What’s the real difference in the RPC vs API debate?

Strictly speaking, it’s a slightly crossed comparison, because RPC is a style of API rather than a rival to one. The sharper question is RPC versus REST — the two main ways to design an API. RPC is action-based: you call procedures like getBalance. REST is resource-based: you hit nouns like /accounts. Blockchains went with the RPC style, which is why you reach them through methods instead of REST-style URLs.

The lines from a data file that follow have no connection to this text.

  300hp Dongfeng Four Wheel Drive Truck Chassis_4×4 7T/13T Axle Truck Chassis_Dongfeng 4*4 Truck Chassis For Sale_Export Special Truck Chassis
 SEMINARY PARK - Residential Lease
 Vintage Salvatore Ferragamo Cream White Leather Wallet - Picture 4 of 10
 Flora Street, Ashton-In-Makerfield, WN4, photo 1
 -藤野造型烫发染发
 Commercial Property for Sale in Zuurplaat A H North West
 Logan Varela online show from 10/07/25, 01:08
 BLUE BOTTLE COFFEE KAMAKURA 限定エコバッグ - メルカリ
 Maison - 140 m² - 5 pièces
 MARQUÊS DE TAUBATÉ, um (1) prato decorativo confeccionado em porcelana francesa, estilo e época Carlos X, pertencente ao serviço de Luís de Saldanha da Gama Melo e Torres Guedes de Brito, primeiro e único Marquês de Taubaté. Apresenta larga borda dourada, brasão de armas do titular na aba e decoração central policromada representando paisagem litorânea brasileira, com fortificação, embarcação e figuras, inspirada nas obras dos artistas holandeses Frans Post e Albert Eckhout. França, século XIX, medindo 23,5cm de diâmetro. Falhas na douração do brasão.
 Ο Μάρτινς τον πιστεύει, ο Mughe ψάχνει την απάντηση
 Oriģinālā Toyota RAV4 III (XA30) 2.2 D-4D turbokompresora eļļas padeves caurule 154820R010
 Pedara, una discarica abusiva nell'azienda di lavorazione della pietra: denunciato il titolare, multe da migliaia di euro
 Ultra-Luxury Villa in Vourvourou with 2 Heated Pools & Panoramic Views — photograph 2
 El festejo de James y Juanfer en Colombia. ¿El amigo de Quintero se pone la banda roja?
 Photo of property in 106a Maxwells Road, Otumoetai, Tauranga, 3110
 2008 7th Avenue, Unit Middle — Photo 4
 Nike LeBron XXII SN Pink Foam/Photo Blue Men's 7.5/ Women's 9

Is gRPC faster than JSON-RPC?

For raw data transfer, usually — binary serialization plus HTTP/2 move payloads several times quicker. But on blockchain calls, serialization speed isn’t the bottleneck. Network latency and node processing eat most of the round trip, so gRPC’s edge barely shows for on-chain work even though it’s technically faster. For internal microservices, that edge is very real.

Why do blockchains use JSON-RPC instead of REST or gRPC?

JSON-RPC hits a sweet spot: lightweight, human-readable, transport-agnostic, and a clean match for method-style calls like eth_call. REST’s resource model fits procedure calls awkwardly, and gRPC would drag every wallet and library onto Protocol Buffers — something the ecosystem never signed up for. Ethereum standardized on a JSON-RPC API early, every EVM chain followed, and network effects locked it in as the default.